In my coursework, I write a paper which analyse implementation of Post-Quantum Cryptography Finalist, and draw some lessons for myself.

The paper is concise and easy to read for everyone, the text in the paper is 50% of the work, many lessons I learn from the godbolt.org link.

### Do this

#### Effect of Compiler Optimization

int select(bool b, int x, int y) {
return b ? x : y;
}

int ifelse(bool b, int x, int y) {
if (b)         return x;
else           return y;
}

int mul(bool b, int x, int y) {
return (x*b) | (1-b)*y;
}

int and_inverse(bool b, int x, int y) {
return (x & (-b)) | (~(-b)) & y;
}


See disassembly

Clang realizes 4 functions have similar logic, while GCC doens’t.

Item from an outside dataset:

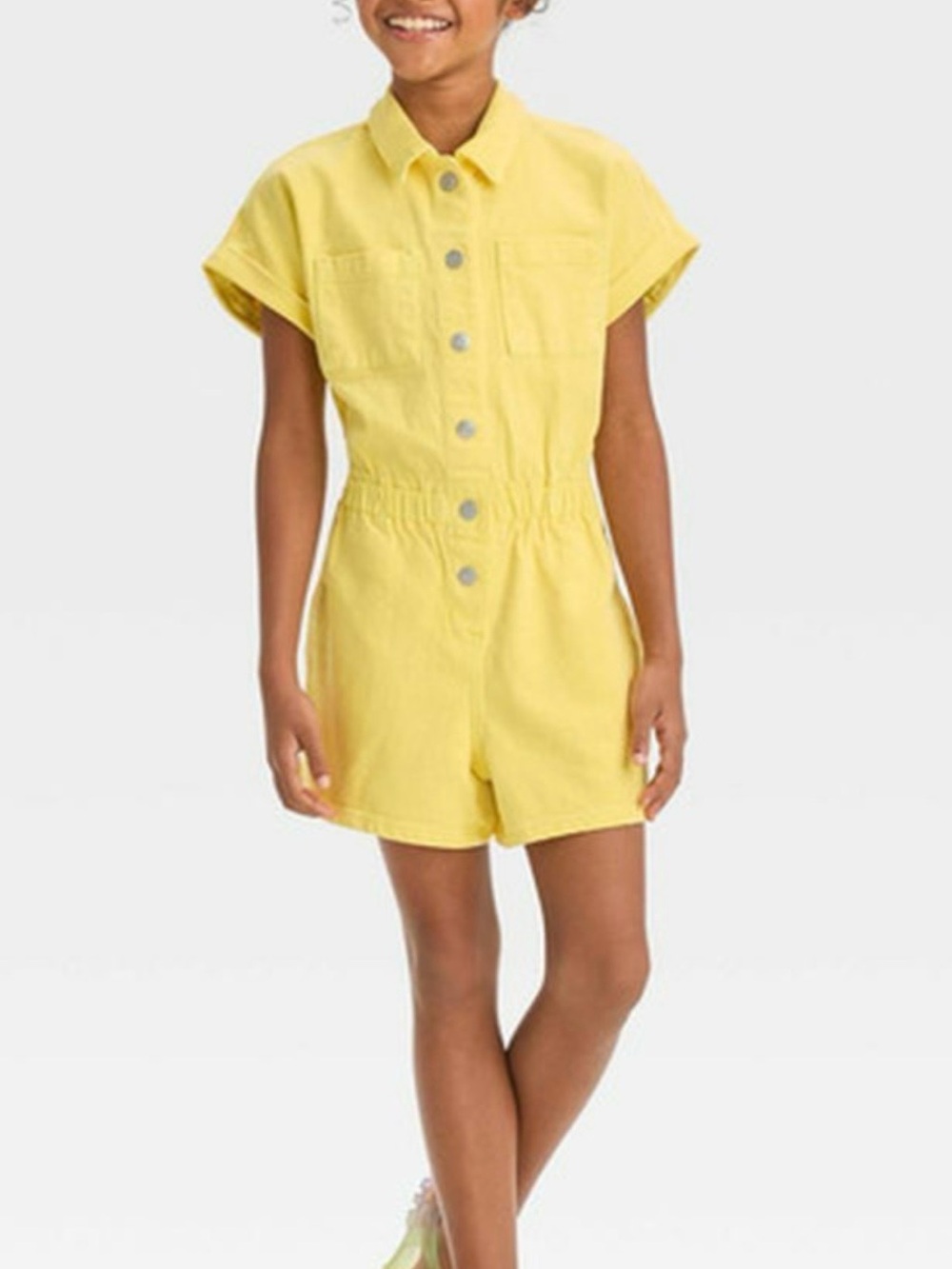 Cat & Jack Yellow Denim Short Sleeve Romper - Size XS (4/5)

GCC does not optimize the code while clang is able to convert 4 conditional selections to the same assembly instructions.

And conditional move instruction cmove is not always exists.

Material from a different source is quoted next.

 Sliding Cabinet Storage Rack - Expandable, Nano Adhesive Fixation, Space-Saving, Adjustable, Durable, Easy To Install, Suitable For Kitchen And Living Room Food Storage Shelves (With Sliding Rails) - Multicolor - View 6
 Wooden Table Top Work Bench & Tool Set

Look at RISC-V, AVR assembly

Therefore you should not use the code above to do comparison. It’s not constant-time (optimzed by compiler) and my expensive on other platforms where compiler is not mature enough.

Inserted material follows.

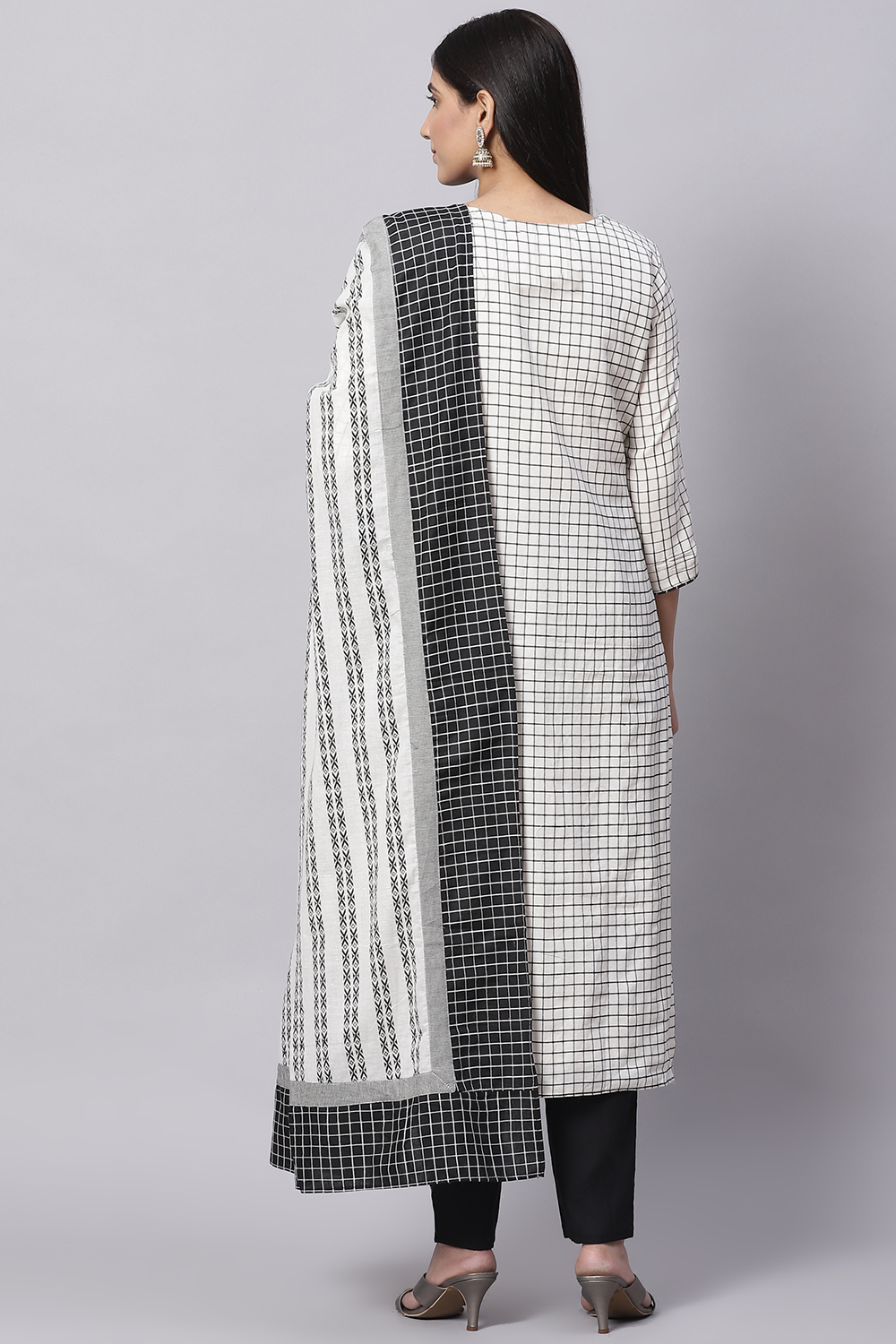 White Cotton Handloom Unstitched Suit Set image number 4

#### Constant-time Comparison

// Input: *a, *b, len
uint8_t compare(uint8_t *a, uint8_t *b, int len) {
int i;
uint8_t r = 0;
for(i=0;i<len;i++)
r |= a[i] ^ b[i];
return (-r) >> 7;
}
// Output: 0 or 1


This code outsmarts Clang and GCC

See disassembly

#### Constant-time Conditional Move

// Input: *a, sel in {0, 1}
for (i = 0; i < length; i++)
secret[i] ^= (-sel) & (a[i] ^ secret[i]);
// Output: *secret


The code is not optimized by compiler.

See disassembly

#### Constant-time Rejection Sampling

// Input: *a
uint16_t i, j, sel, secret = {0};
i = 0; j = 0;
while (j < 256) {
d = a[i] | (a[i+1] << 8);
if (d < upperbound)
sel = 1;
else
sel = 0;
secret[j] ^= (-sel) & (d ^ secret[j]);
j += sel;
i += 2;
}
// Output: *secret


Balance if-else therefore not timing leakage

#### Constant-time Conditional Subtraction

// Input: value, bound
int16_t csubq(int16_t value, const int16_t bound) {
value -= bound;
value += (value >> 15) & bound;
return value;
}
// Output: value


I copied this code from PQC finalist, it’s perfect.

See disassembly

### Pitfall; Don’t do this

#### memcmp or strcmp

// Input: *a, *b
for (int i = 0; i < length; i++) {
if (a[i] != b[i]) break;
}
// Output: 0 or 1


Non constant-time comparison.

#### Cache timing leakage

// Input: check, *a, *b
for (int i = 0; i < length; i++) {
if (!check)
secret[i] = a[i];
else
secret[i] = b[i];
}
// Output *secret


Either a or b will be in L1 cache. See flush + reload cache timing attack. This leak which variable is selected.

#### Conditional timing leakage

// Input: value
if (value > bound)
value -= bound
// Output: value


If you try to fix with this code below

// Input: value
if (value > bound)
value -= bound
else
value = value;
// Output: value


Sadly, the compiler will optimize the else branch.